O abandono do lar pode ser facilmente descaracterizado com algum registro, formal ou informal, de intenção ou desejo pelo fim da conjugalidade. Um simples registro ou formalização da separação de fato e de corpos pode descaracterizar o abandono do lar e, consequentemente, o usucapião familiar.
Com a finalidade de evitar a concretização de usucapião por abandono de lar, aquele que abandonou o lar pode notificar o ex-cônjuge/ex-companheiro (a) anualmente demonstrando interesse sobre o bem, para que não seja iniciado a contagem do prazo a favor do ex-cônjuge/ex-companheiro (a) que permaneceu no lar.

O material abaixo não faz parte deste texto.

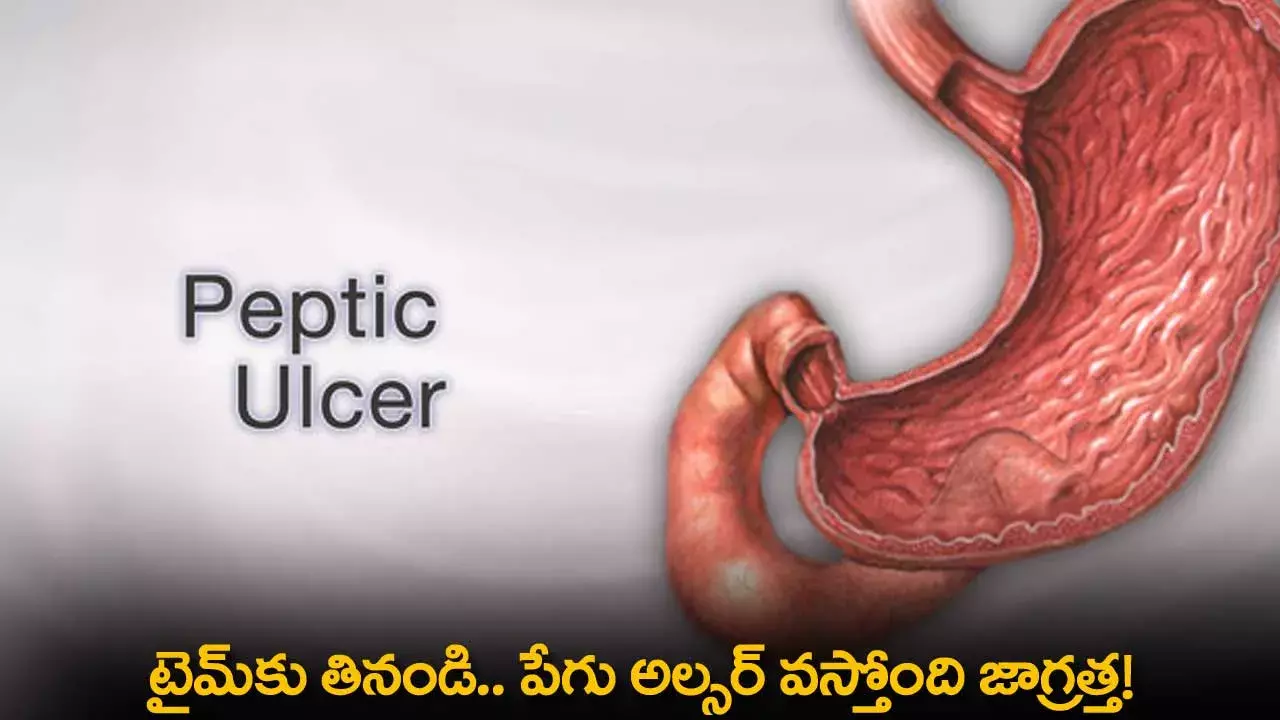 Tips : టైమ్కు తినండి.. పేగు అల్సర్ వస్తోంది జాగ్రత్త! Tips : టైమ్కు తినండి.. పేగు అల్సర్ వస్తోంది జాగ్రత్త!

Além disso, os ex-cônjuges/ex-companheiros podem solicitar a separação de corpos, não deixarem passar dois anos sem regularizar o imóvel ou até mesmo não abandonando o lar pelo período de dois anos.

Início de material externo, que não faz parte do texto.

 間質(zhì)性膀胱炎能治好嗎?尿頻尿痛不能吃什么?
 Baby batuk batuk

O usucapião familiar é aplicado a todos os regimes de bens?
Este instituto não é aplicado para todos os regimes de bens. Sendo, portanto, aplicável no regime universal de bens, no regime de comunhão parcial de bens dos imóveis adquiridos após o casamento e no regime de participação final dos aquestos dos bens que se comuniquem, não sendo aplicado ao regime de separação total de bens.
Qual a vara competente para apreciar a modalidade de usucapião familiar
Há uma divergência na doutrina e na jurisprudência sobre de quem seria a competência para apreciar a modalidade de usucapião familiar: Vara cível ou a vara de família? O posicionamento majoritário é que a competência é da vara cível, por se tratar de matéria de direito real, tratando, portanto, o abandono do lar como um dos requisitos para a aquisição de usucapião familiar.
Conclusão
A preocupação mais comum nos casos de abandono do lar recai justamente sobre os direitos aos bens do casal em caso de divórcio; porém, o abandono do lar não interfere na partilha dos bens. Tudo deverá ser feito seguindo o regime de bens do casamento: separação total, comunhão parcial ou comunhão universal.
Agora, no prazo máximo de dois anos, a pessoa que deixou o lar precisa dar entrada no divórcio. Caso não o faça, corre o risco de ser citado numa ação de usucapião familiar, na qual a outra parte pode pedir a total propriedade do imóvel do casal diante do abandono.